Social media, such as Facebook and Twitter, are great ways to keep in touch with loved ones and to share ideas. However, you should be very aware that anything you post on Facebook and Twitter is potentially public. Even if you believe your postings are only viewable by a handful of people, none of whom would share your information with others, that’s not always the case. Don’t post anything online that you wouldn’t want to become known publicly. There have been cases of social media being used in personal injury cases (to prove that the plaintiff wasn’t injured), divorce cases (to prove affairs), attorney misconduct cases, and more.
There have been cases where social media has been used in criminal cases as well. In fact, recently Twitter has been making news in a New York criminal case. A 23 year old Occupy Wall Street protestor was arrested last fall for disorderly conduct after about 2,000 protestors blocked traffic on the Brooklyn Bridge. The protestor denies he knew that he was disobeying police orders to not block the roadway.

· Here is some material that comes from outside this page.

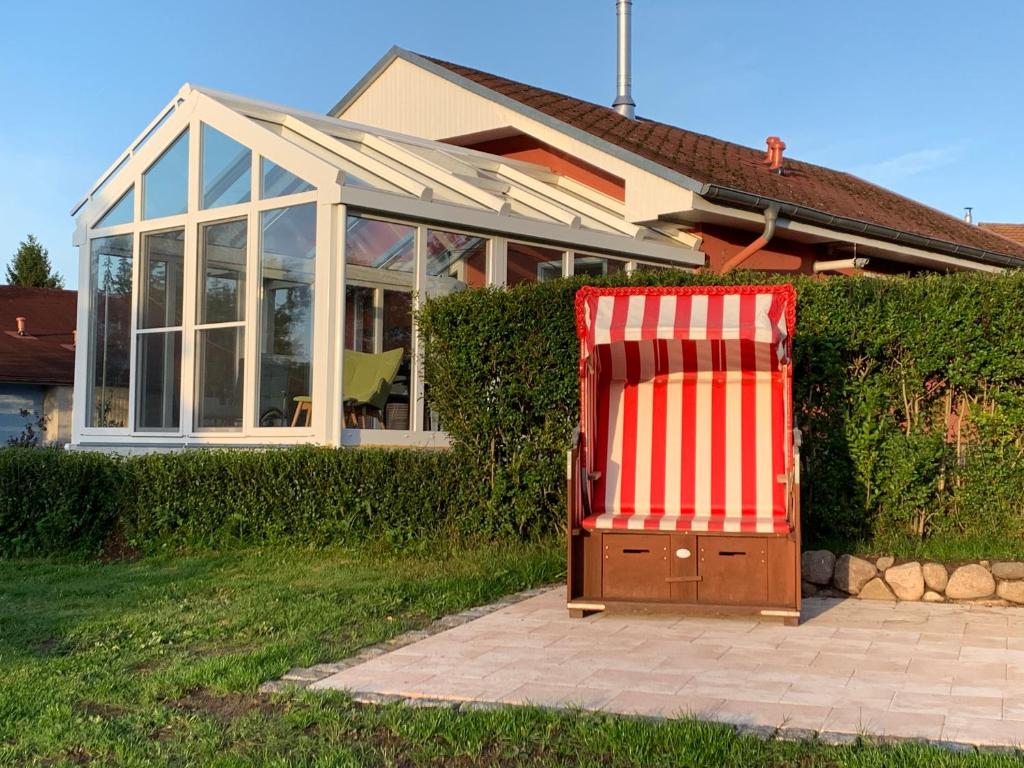 a large red and white chair in front of a house at Ferienhaus am Nationalpark - Ihr Zuhause auf Rügen in Lohme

The protestor had a Twitter page, and about three months’ worth of tweets were deleted. The prosecutors in the case have been battling for months to obtain the tweets, which prosecutors believe will prove that the protestor knew that he was disobeying police orders. Twitter has refused to turn over the deleted tweets until recently, when a New York judge threatened to hold the company in contempt and to impose a fine if the tweets weren’t handed over.
This case should prove that you should be very careful about what you post and when you post it. Although you may delete something later, it’s still out there, and although social media sites may want to protect your privacy, they also don’t want to pay huge fines or spend tens of thousands of dollars on legal fees to avoid turning over your information.